**HOW TO COMPLETE THIS TASK**:
Transcribe only what runs from the line containing "Ukrainian Pion Artillery" through the final line below, exactly, and leave every picture out.

**STUDY MATERIAL**:
· · · · ·

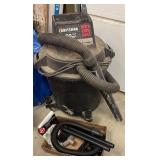 Sears Craftsman Wet/Dry Vac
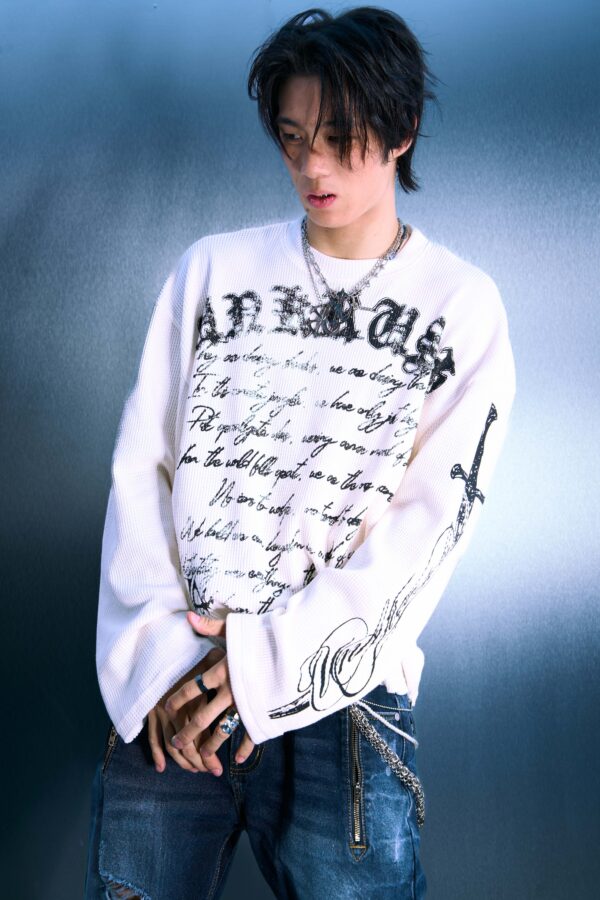 uk1245_6067806e-9450-4b7d-8cb7-e0b12dce95ba UNKRUSH WARRIOR - LONG SLEEVES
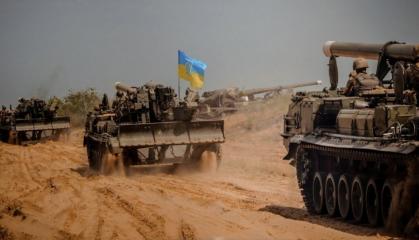 ​U.S. Might Have Found the Source of 203mm Rounds to Feed Ukrainian Pion Artillery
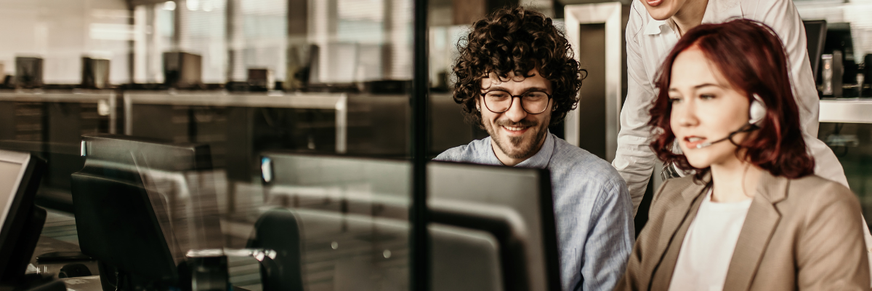 Barona Professionals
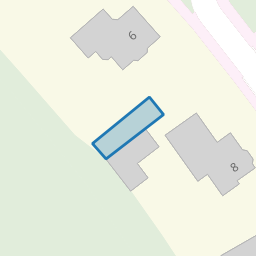 Perceel HBG01-B-5189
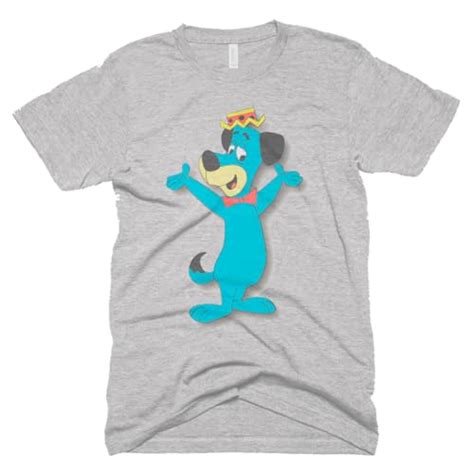 Huckleberry Hound Cowboy Shirt: Embody the Spirit of the Wild West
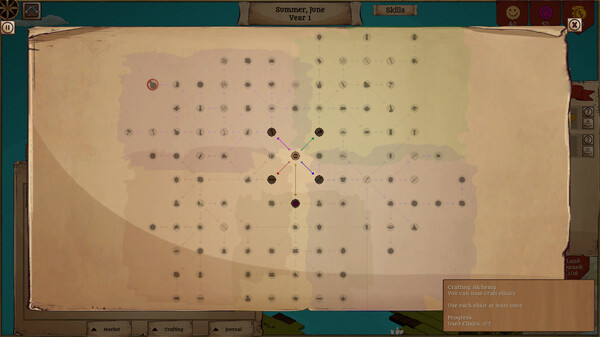 《中世纪遗产》游戏截图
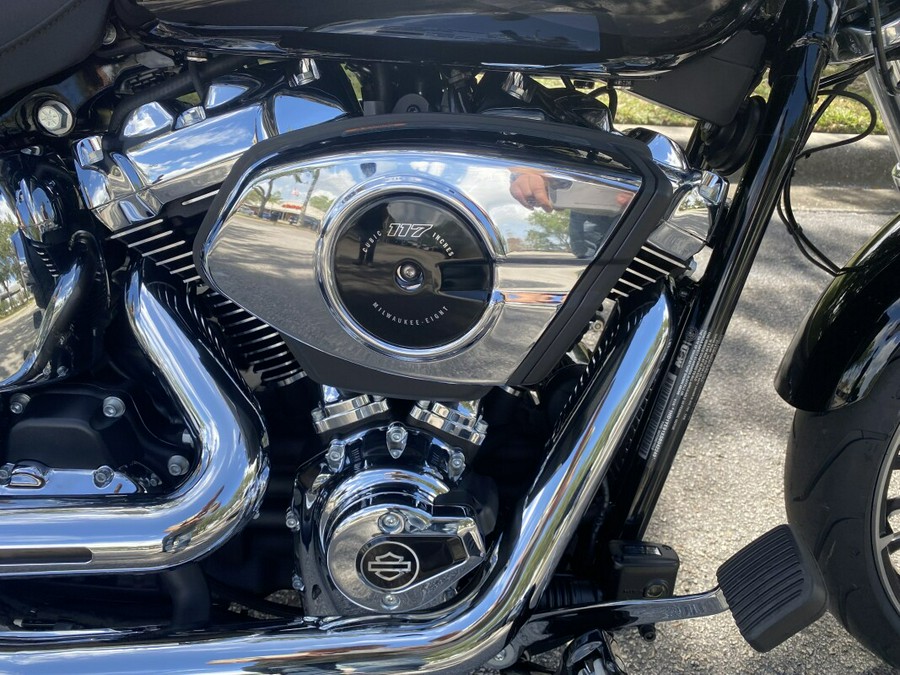 2025 Harley-Davidson® Breakout®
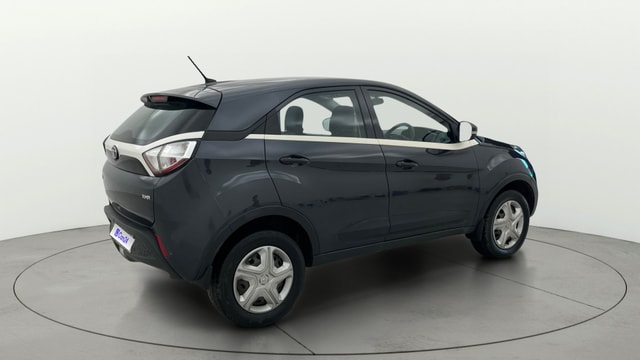 View Tata Nexon Image 41 Used Tata Nexon Image 41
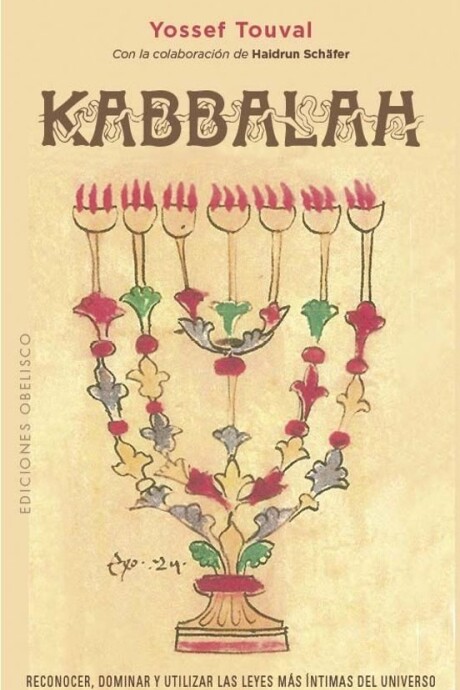 KABBALAH KABBALAH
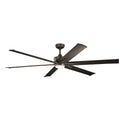 KICHLER, SZEPLO PATIO FAN, OUTDOOR CEILING FAN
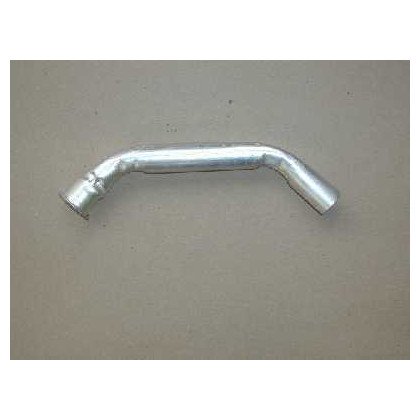 Łącznik tylny obudowy z kominem do kuchenki Amica 8000759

· · · · ·

**THE COMPLETED TASK**:
 ​U.S. Might Have Found the Source of 203mm Rounds to Feed Ukrainian Pion Artillery
 Barona Professionals
 Perceel HBG01-B-5189
 Huckleberry Hound Cowboy Shirt: Embody the Spirit of the Wild West
 《中世纪遗产》游戏截图
 2025 Harley-Davidson® Breakout®
 View Tata Nexon Image 41 Used Tata Nexon Image 41
 KABBALAH KABBALAH
 KICHLER, SZEPLO PATIO FAN, OUTDOOR CEILING FAN
 Łącznik tylny obudowy z kominem do kuchenki Amica 8000759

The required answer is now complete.